In BriefAll around the world, countries are beginning to phase out fossil fuel-powered cars. Now, a California lawmaker is proposing a bill that would ban gas-powered cars in the state by 2040.
California is typically a little ahead of the curve when it comes to adopting renewable resources and progressive environmental plans. In fact, the state is currently on track to meet its renewable energy goals 10 years early. Its latest effort toward building a sustainable future is a new bill that would ban gas-powered cars by 2040.
Introducing this bill is Democratic California Assembly member Phil Ting, who represents much of San Fransisco and is also chairman of the chamber’s budget committee.
If Ting’s bill became law, starting in 2040, California’s motor vehicle department would only register vehicles that didn’t produce carbon dioxide emissions. Based on currently available technology, that would mean only battery-electric or hydrogen fuel-cell cars would be permissible.
Ting plans to officially introduce the bill to ban gas-powered cars in January when lawmakers return for the next legislative session.
While the bill might seem ambitious to some, France, the U.K., Germany, and others have all taken similar steps in an effort to reduce emissions.
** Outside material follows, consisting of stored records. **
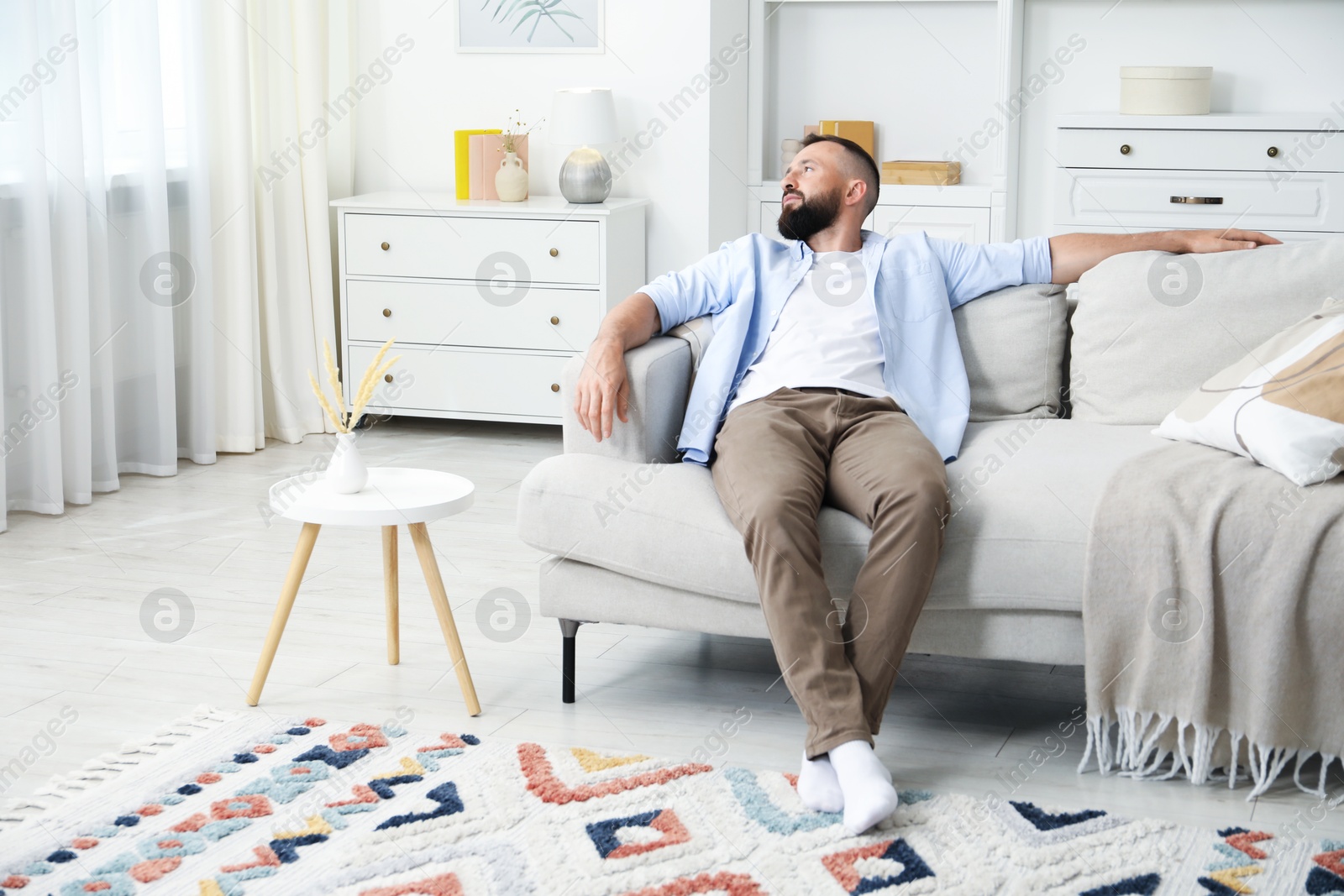 Harmony. Man relaxing on comfortable sofa at home Photo of Harmony. Man relaxing on comfortable sofa at home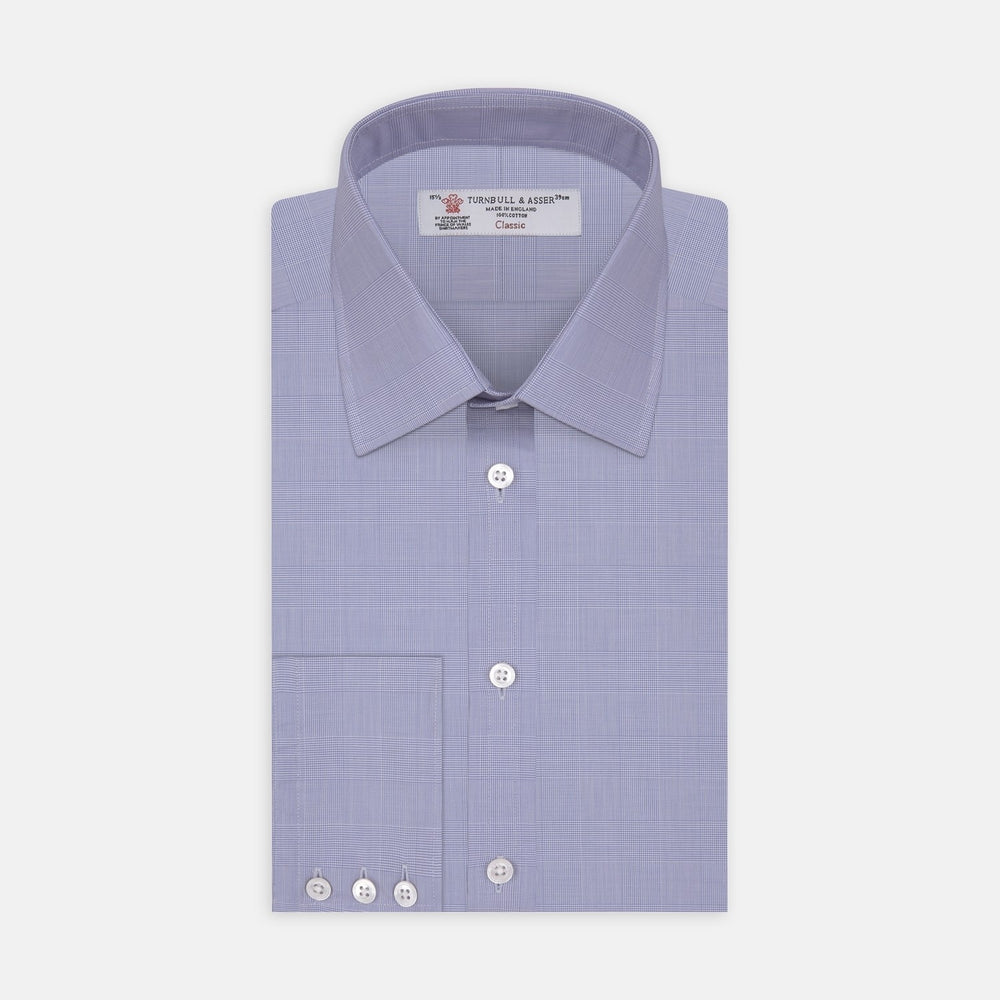 Turnbull & Asser's Blue Prince of Wales Check Cotton Fabric features a circular blue and white Glen plaid design with a gray border on a white background.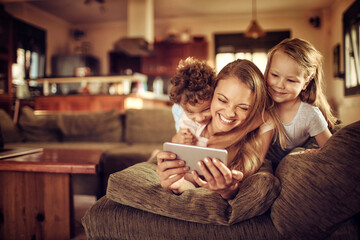 Happy young mother and her children using a smartphone on the couch in the living room at home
Others may think 2040 is too far away as we are already facing the growing repercussions of climate change, but enacting major changes takes time. By setting a long-term goal right now, California can beginning moving in the right direction.
“Until you set a deadline, nothing gets done,” Ting told Bloomberg. “It’s responsible for us to set a deadline 23 years in advance.”
The California Air Resources Board, the state’s air quality regulator, has previously floated the idea of banning internal-combustion engines. Governor Jerry Brown has also expressed interest in the move.
If the bill goes over well, it could be a major win for not just the state of California, but the entire U.S. where the transportation sector is currently the leading source of greenhouse gas emissions. If one state shows that cutting these emissions through a ban on gas-powered cars is doable, others may follow suit.